How would you compare the score to his other works? Whats the basic feel? I never saw the film.
There are a few central figures and themes. It's kind of avant garde in some places, especially the music that accompanies Douglas' mental break down on the freeway traffic jam. It's kind of like urban Elliot Goldenthal with quarter tone horns, buzzing electric guitars, orchestral chaos.
There is an ominous horn figure that accompanies Douglas' increasing intolerant mood and a delicate Music box type theme for his daughter.
I'd say the style is very much rooted in '90s JN Howard (aka The Fugitive) and the standout cue is The Pier which is a harried chase cue with frenzied strings and snarling low brass.

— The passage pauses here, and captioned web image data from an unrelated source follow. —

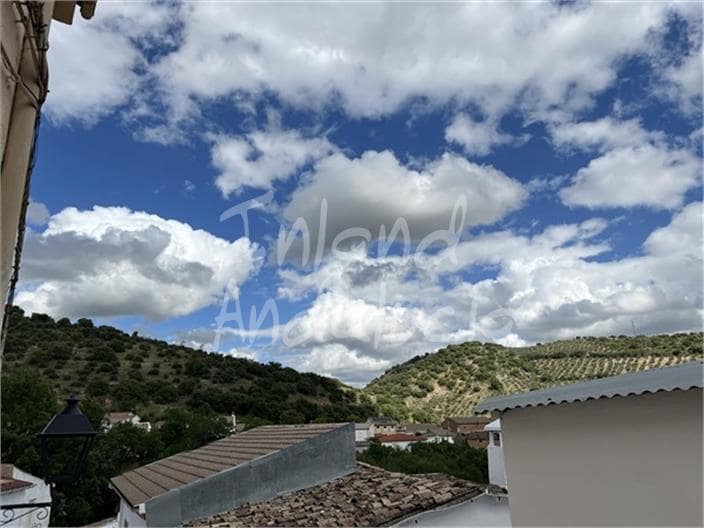 4 quarto Casa em Banda para venda em Frailes com garagem - 108 000 € (Ref: 9835053)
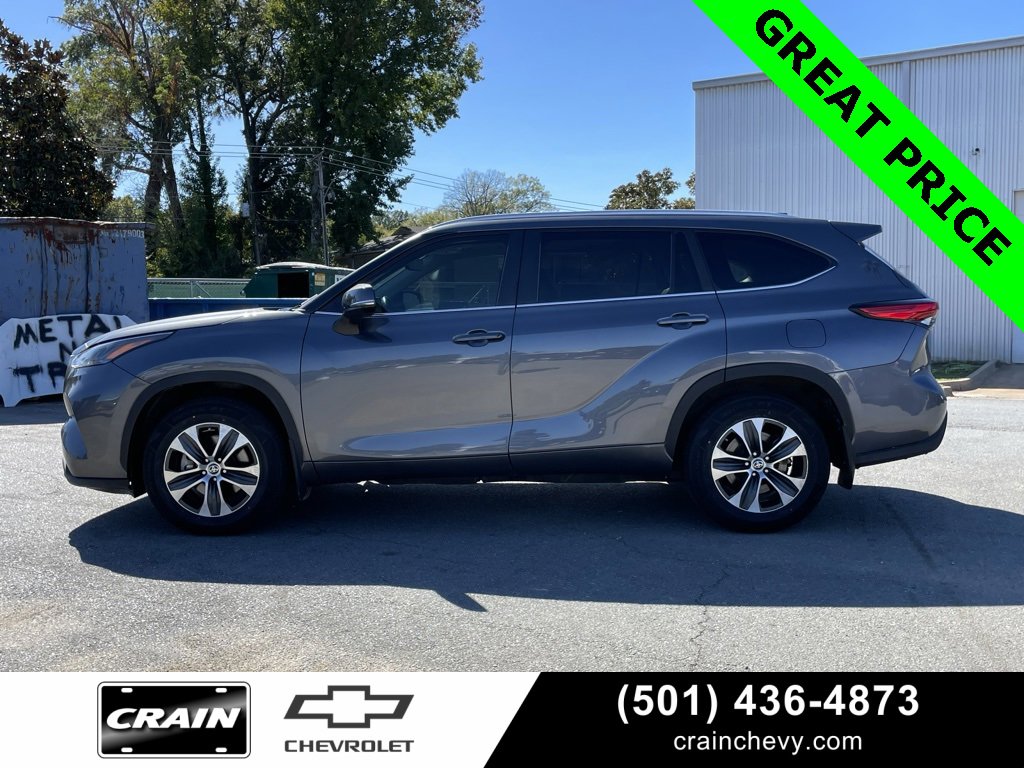 Used 2023 Toyota Highlander XLE image 4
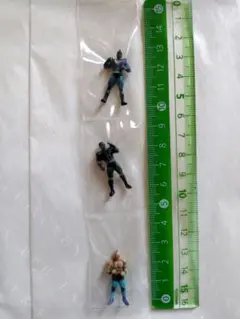 ドラクエ2 勇者 3点セット ミニフィギュア - メルカリ
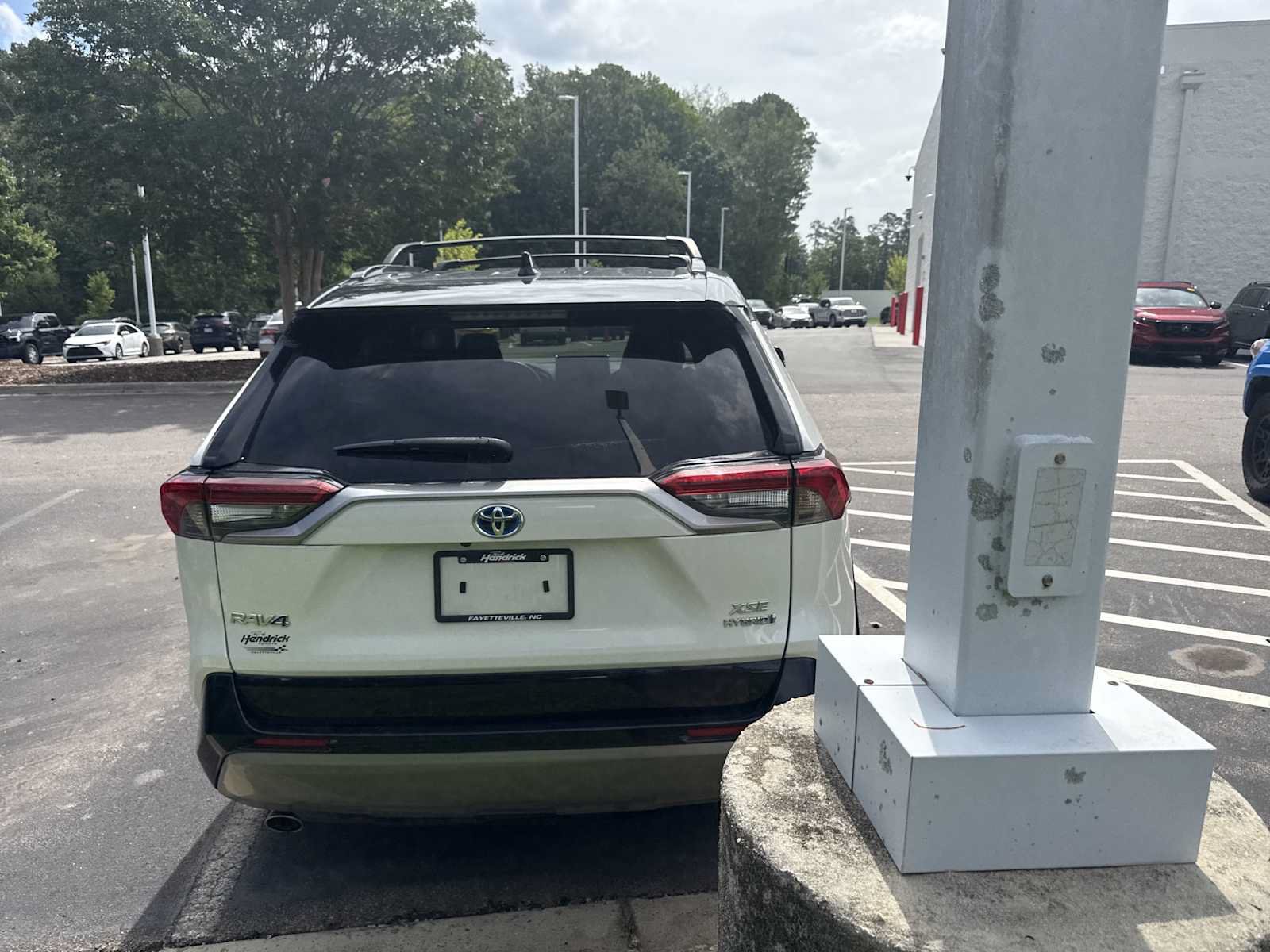 Used 2022 Toyota RAV4 XSE AWD/4WD image 43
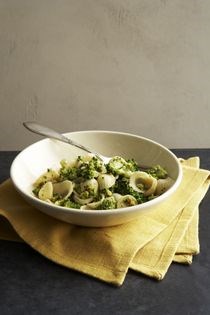 Spaghetti with a savory onion sauce (Spaghetti alle cipolle)
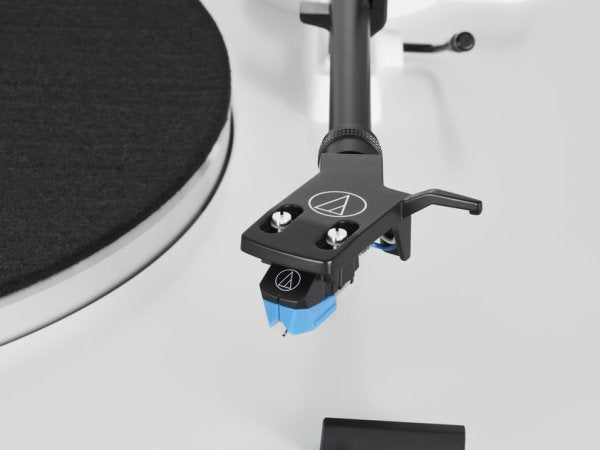 Audio-Technica AT-LP3XBT Bluetooth turntable, white, cartridge close-up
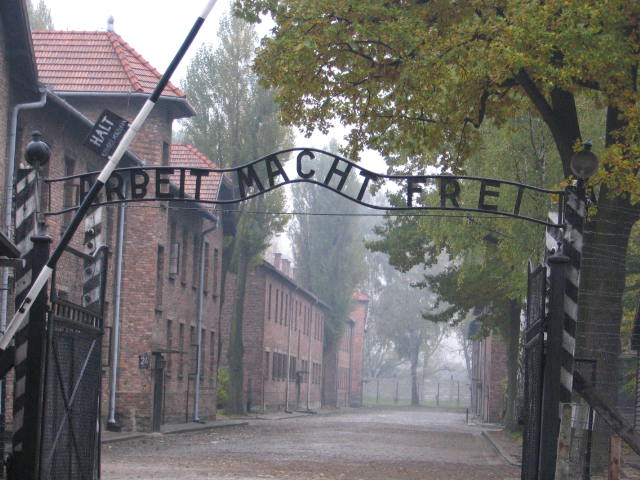 02-Arbeit macht Frei. Není co dodat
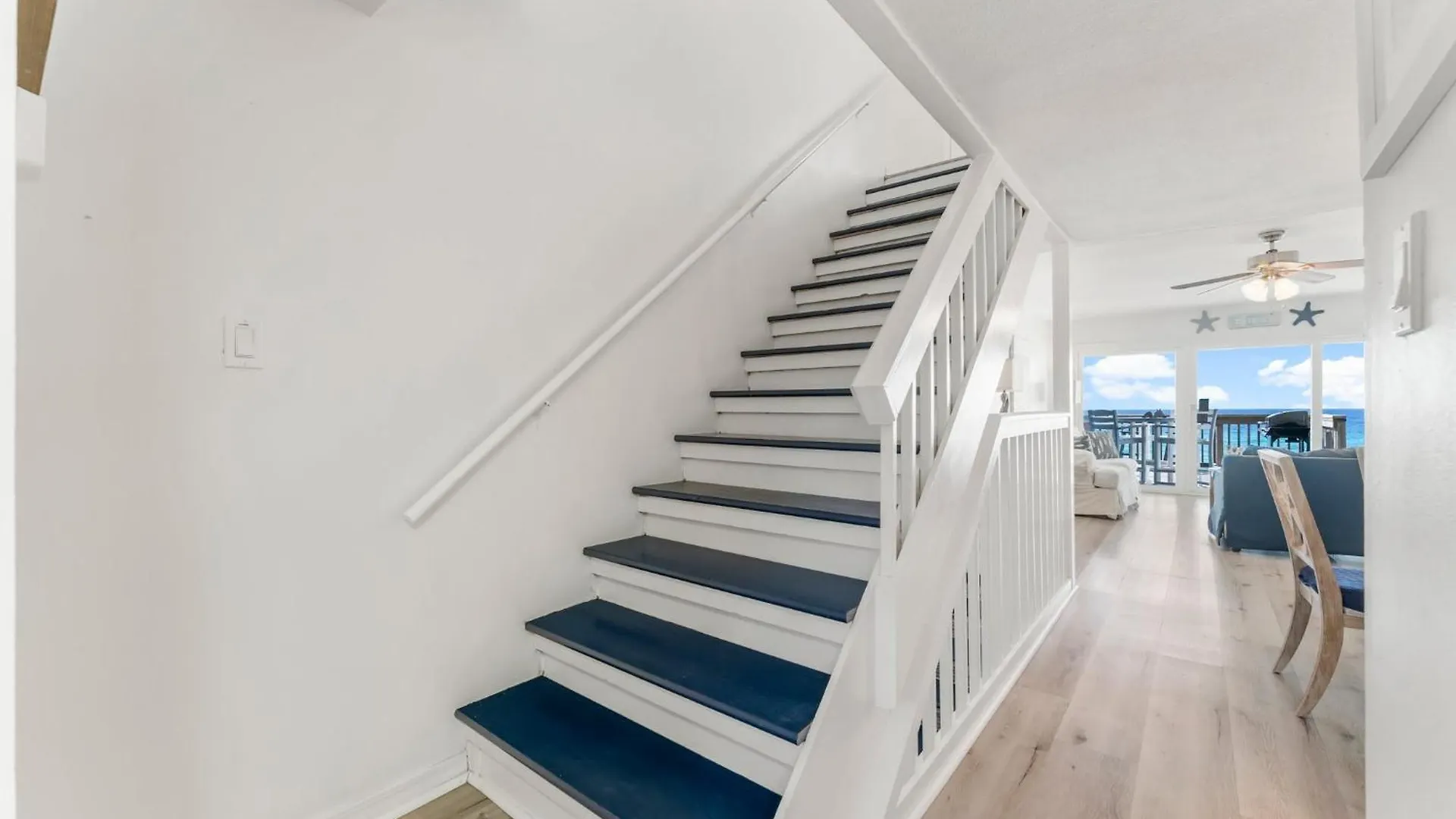 Villa Waterside Dreams With Private Beach Destin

Definitely worth the price of admission as the saying goes.
The music starts very small and electronic/acoustic but as the events of the film unfold and Douglas gets himself into increasingly deeper trouble, the score gets bigger and more like the orchestral powerhouse chase cues from The Fugitive until eventually it all explodes in the climax and then returns to the smaller, music-box / lonely trumpet themes.
Also, a major component in this score is electric guitar. I remember the old, old print b&w issue of FSM did a great article on this score and how it was the best use of electric guitar in a film score and I agree.
The guitar isn't used in a traditional action movie "Days of Thunder" kind of way, its more guttural - never used to celebrate something spectacular, rather illustrate Douglas' dark, unstoppable rampage state. It's also sometimes used in conjunction with some really unsettling instrument that almost sounds like an Australian didgeridoo. Also the sad musicbox theme for Douglas - he buys a snow-globe for his daughter for her birthday.
Howard employs a lot of strange, otherworldly sounds (sometimes acoustic, sometimes synth) to underline the fragile mental state of the main character and the ugly underbelly of the city and it's sleazy inhabitants.
It really is a musical journey that takes you through a day in the life of someone who is losing their grip.
I remember seeing this in theaters back in I guess '93 with my folks. Was totally blown away and I think about certain scenes and bits of dialogue on a daily basis. Totally underrated classic and my favorite performance from Douglas.
So, it's really a mixed bag. Lots of weird "crazy dude" music mixed with a tender, regretful orchestral bits, blaring and violent guitar and balls-to-the-wall trademark Howard action cues that I suspect most people will be very impressed by.
I cannot wait to get my hands on this.
Thank you Intrada! First Blown Away and now Falling Down!
No score here but this is a classic scene:
This is the best thing Shcumacher has ever and will ever do.
This is one score where I hope that Intrada does one of their "The Album" and "The Extras" for. There's a good 40 minute album to be made from this score. Fingers crossed they don't stick the "Pier" cue after the "Prendergast Takes The House" cue. The explosion of sound that kicks off "Pier" just wouldn't be right buried in another track.